Behind our offices there used to be a giant mural. It featured the bricks of our building melding into a stage curtain, which in turn parted to reveal the prow of the USS Constellation. The ship cut through churning water. The Inner Harbor stood proud in the background.

Actually, the mural is still there; it’s just hidden. No longer visible to cars streaming toward Baltimore’s stadiums, the mural is now part of an alley behind a new building that will house...whatever. And while new construction should be welcomed for the jobs, opportunity, and sheer energy it brings to our city, it’s sad to see this proud image of Baltimore’s sailing past covered up.

But it’s our present image that currently concerns us. By now you’ve probably had more than enough time to digest (or forget) last summer’s much ado about the Baltimore Area Convention and Visitors Association’s tourism slogan. Bright and cheery ads, banners, and a website all trumpeted, “Baltimore: Get in on it.” From almost the moment it appeared, reactions to the campaign were...mixed, to put it kindly.

In an editorial, the Baltimore Business Journal’s Joanna Sullivan blamed the widespread resistance to the branding effort on Baltimore’s continuing “inferiority complex.” We respectfully must disagree: you can love a city and still loathe its tagline. (Similarly, Cornerstone practically runs on Diet Coke...but we vastly prefer The New Seekers teaching the world to sing in 1971 to G. Love teaching the world to “chill” in 2005.)

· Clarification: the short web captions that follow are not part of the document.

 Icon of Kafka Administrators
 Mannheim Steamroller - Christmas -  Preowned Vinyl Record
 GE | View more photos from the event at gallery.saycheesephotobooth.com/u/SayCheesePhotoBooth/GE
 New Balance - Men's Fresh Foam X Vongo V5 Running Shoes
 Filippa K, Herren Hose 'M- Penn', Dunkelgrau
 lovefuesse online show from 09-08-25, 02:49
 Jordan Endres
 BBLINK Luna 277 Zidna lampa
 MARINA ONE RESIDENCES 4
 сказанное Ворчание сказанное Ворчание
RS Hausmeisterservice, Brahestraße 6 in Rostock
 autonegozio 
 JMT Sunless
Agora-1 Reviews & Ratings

Meghana Kulkarni, in The Urbanite’s August 2006 issue, summed up the campaign’s central problem in a nutshell: “Seems like we answered the question, ‘What do we have that everyone else has too?’” Of the 14 icons that make up the logo, at least eight are generic to any large town, let alone a world-class city. As for the tagline, what specifically are we supposed to be getting in on? Kulkarni wisely notes
that a successful civic slogan, whether official (“What happens in Vegas, stays in Vegas”) or controversial (“Keep Austin Weird”), emblazons its city with one distinctive notion, from which the rest of its character can be extrapolated.

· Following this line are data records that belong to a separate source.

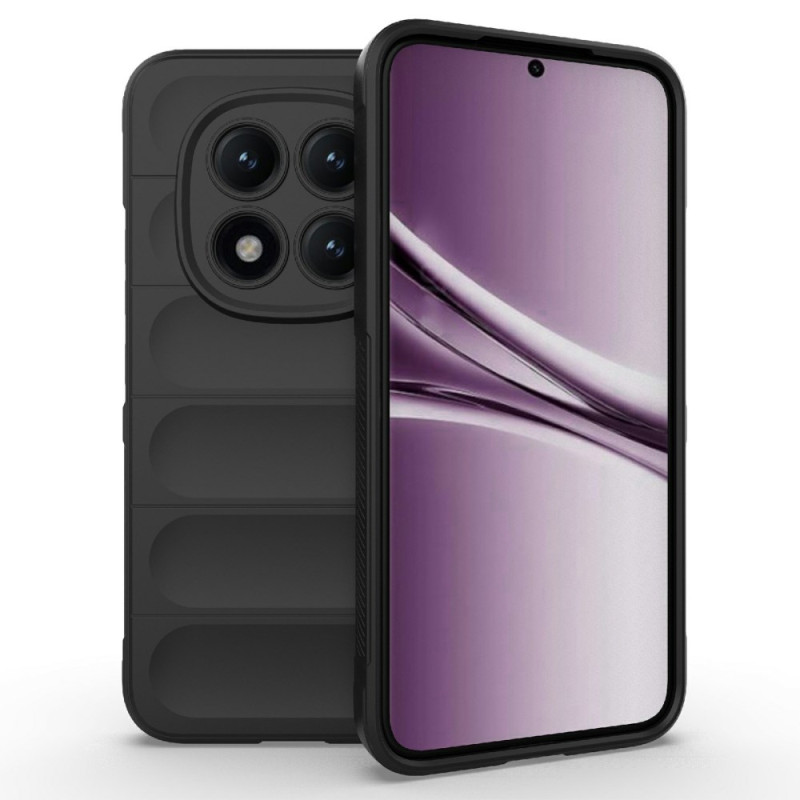 Coque Xiaomi Redmi Note 15 Pro Plus 5G / Poco M8 Pro 5G Antidérapante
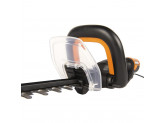 Кусторез электрический WORX WG216E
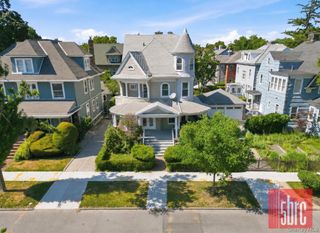 1205 Beverley Road, Brooklyn, NY 11218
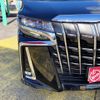 toyota alphard 2021 -TOYOTA--Alphard 3BA-AGH35W--AGH35-0052779---TOYOTA--Alphard 3BA-AGH35W--AGH35-0052779- image 4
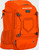 New WALK OFF ETHOS BACKPACK ORG 11860-EASWOETHOSBPOR View 1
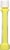 Carbona® Stain Devils® Fat & Cooking Oil Specialty Stain Remover Perspective: left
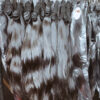 Raw Cambodian Hair Bundle Deals - Image 2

BACVA’s mistake was in focusing on everything Baltimore has to offer – in their own words, “the totality of the Baltimore experience” – instead of focusing on what Baltimore is – the essence of the Baltimore experience. Branding is an act of peeling away layers to find the core. Slapping on a new facade (or 14) just obscures the central work.

True, last summer is long over; in fact this summer is speedily approaching. But what’s important is what you can glean from the debacle. After all, it’s easy to nod in agreement with these principles. It’s another to apply them – to focus the same coldly critical eye on your own advertising. Are you trumpeting all that you do, or what you do best? Are you merely establishing the credentials that put you in line with your competitors, or are you shouting what makes you unique?

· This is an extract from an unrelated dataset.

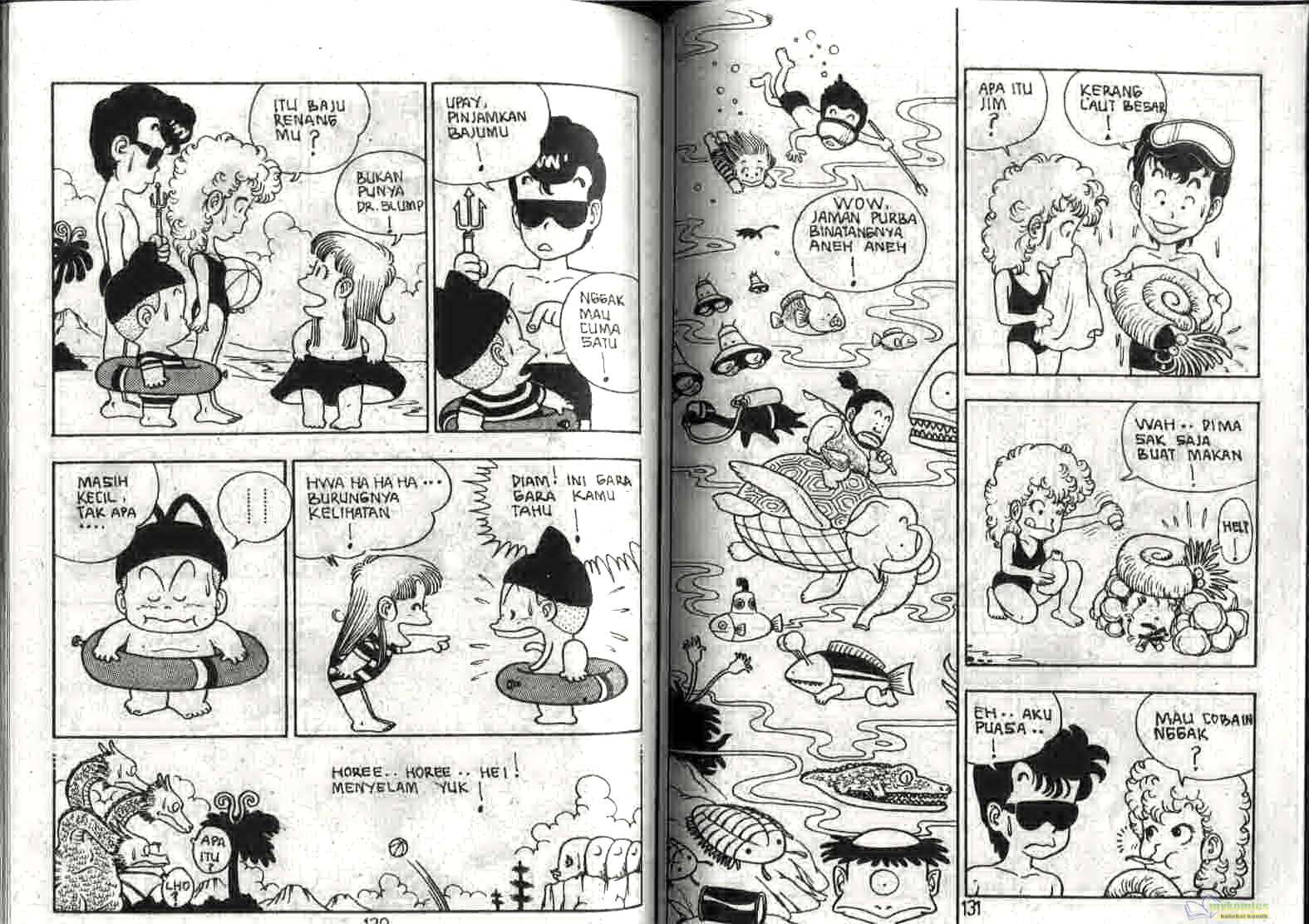 Page 67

Perhaps this test is the most telling: when you last circulated your marketing campaign for comments, did everyone point out what could still be excised? Or did they start dolloping things back in? Sometimes, everyone getting in on something doesn’t help. In the rush to answer dueling constituencies, you can forget to address who really matters: the audience.

Meanwhile, we’re glad a new building went up behind us. We wholeheartedly want what’s good for Baltimore. But we miss viewing our sailing mural, so emblematic of this historic city’s unique charm.

Huh. “Charm.” Now there’s an interesting notion to attach to a city. Maybe one worth a campaign.